Barmstedt: Angeklagter soll zum Tatzeitpunkt unter Drogeneinfluss gestanden haben
Ein weiterer Gutachter, Christoph Meißner vom Institut für Rechtsmedizin in Lübeck, hatte den Angeklagten in der JVA Lübeck am 9. Mai untersucht. Dabei seien lediglich zwei Verletzungen an der linken Hand auffällig gewesen, die auf starke Gewalteinwirkungen schließen ließen, wie sie etwa beim Zustoßen mit einem Messer entstehen. „Er hatte mir gesagt, dass er zur Tatzeit unter Einfluss von Cannabis und Amphetaminen gestanden habe“, sagte Meißner.

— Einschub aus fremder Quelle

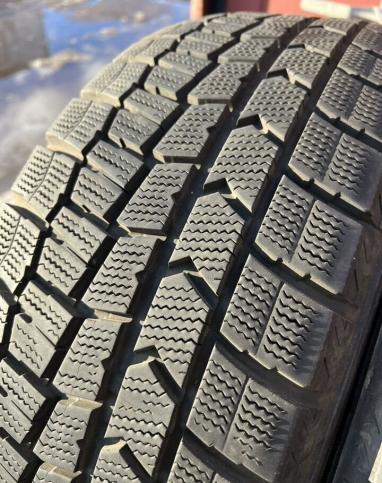 Dunlop Winter Maxx WM02 205/55 R16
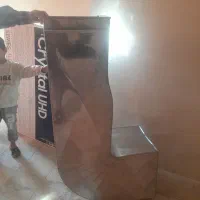 کانال کولر نو سالم وبدون ضربه|کولر آبی|بروجرد, |دیوار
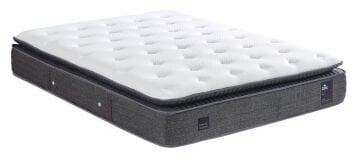 ROMA Up-Down Akıllı Paket Yaylı Yatak - Biyomekanik Uyumlu, 33cm Yüksek Lüks Ortopedik Yatak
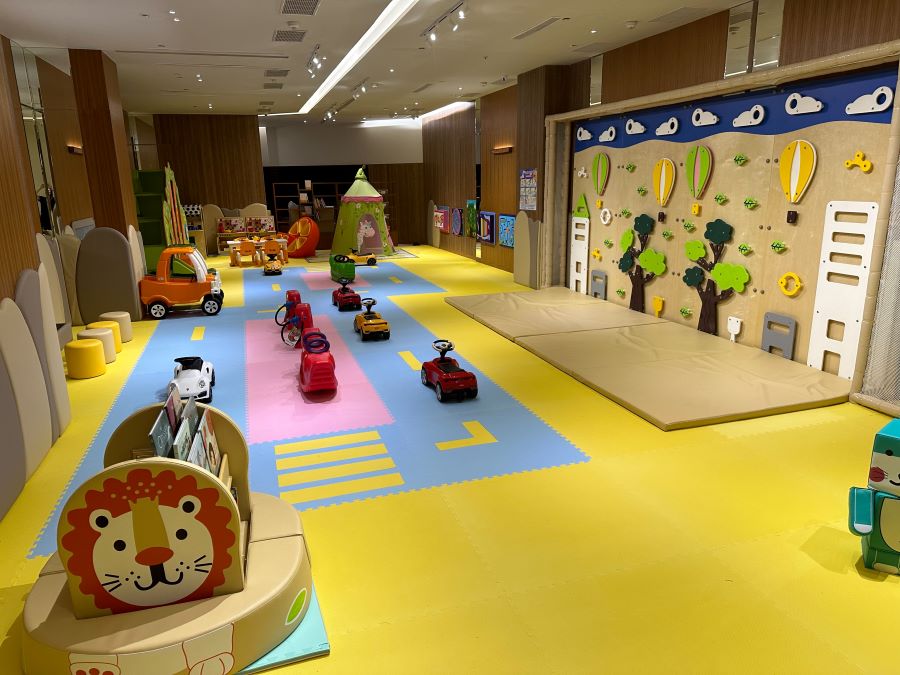 知本金聯世紀酒店提供-【知本金聯世紀酒店】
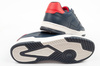 Levi's John SE Kinder-Sneaker in Marineblau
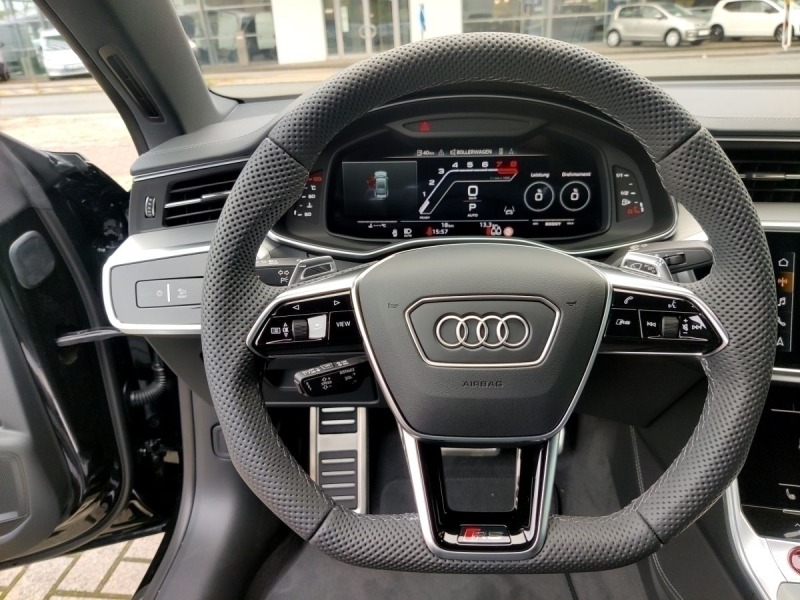 Audi Rs7 Sportback 4.0 TFSI Quattro = NEW= Гаранция, снимка 6 - Автомобили и джипове - 46168628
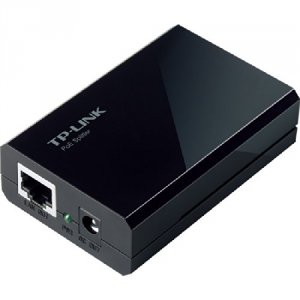 Tplink TL-POE10R Poe Splitter Adapter Port: 1x Gigabit Poe Port, 1x Gi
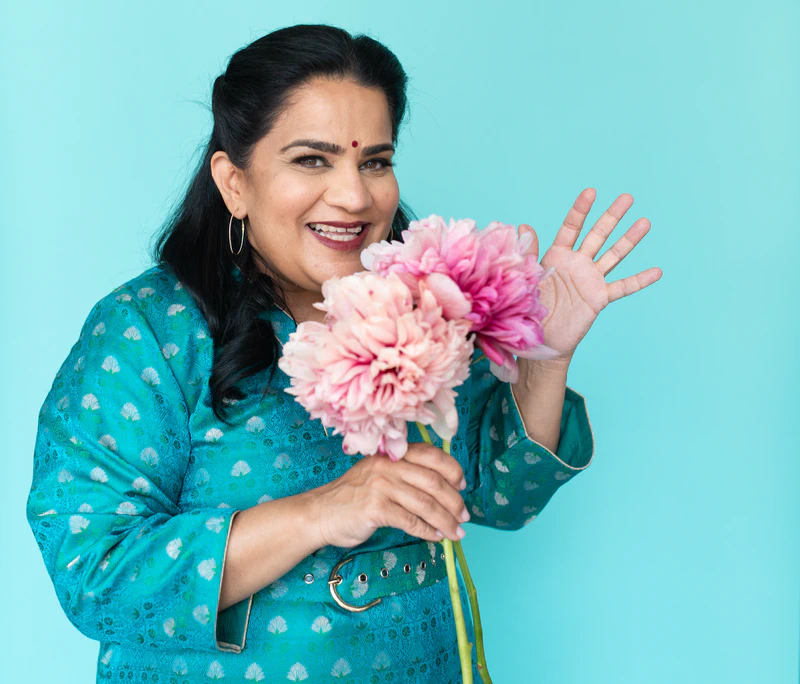 Zarna Garg's Comedy: A Hilarious Blend of Cultures and Chaos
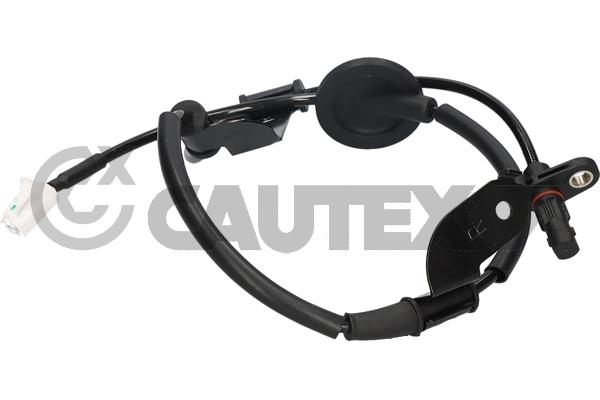 Sensor, wheel speed (772432)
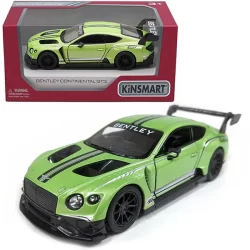 Bentley Continental GT3 1:38 KiNSMART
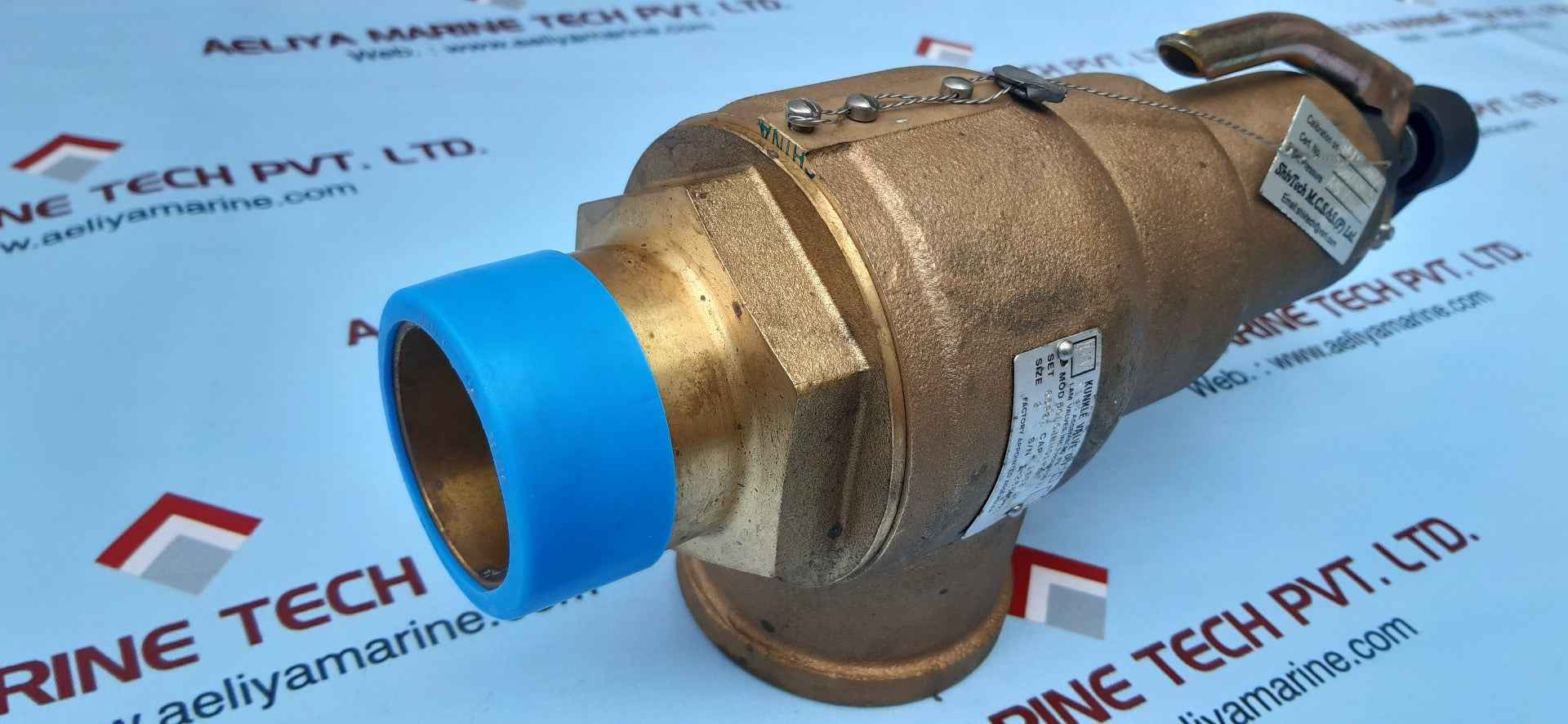 Kunkle valve 6010jhm01-km air relief valve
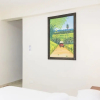 Отель Hostal La Masia, фото 36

Auf ihn habe der Angeklagte klar gewirkt. „Er war bei der Untersuchung sehr freundlich. Er hatte erzählt, dass er sehr viel Fahrrad fährt. Ich hatte nicht den Eindruck, dass psychische Einschränkungen vorgelegen hätten.“
Der Angeklagte habe aber bei der Untersuchung etwas gesagt, was er auch noch sieben Monate nach der Tat erinnere: „Er sagte, es gibt Menschen, für die ist ihre Mutter der tollste Mensch und es gibt Menschen, für die ist die Mutter der schrecklichste Mensch. Für mich war sie der schrecklichste Mensch.“
Die Schwester des Angeklagten, die als Zeugin aussagen sollte, war am Freitag nicht vor Gericht erschienen. Der Prozess wird am Dienstag fortgesetzt.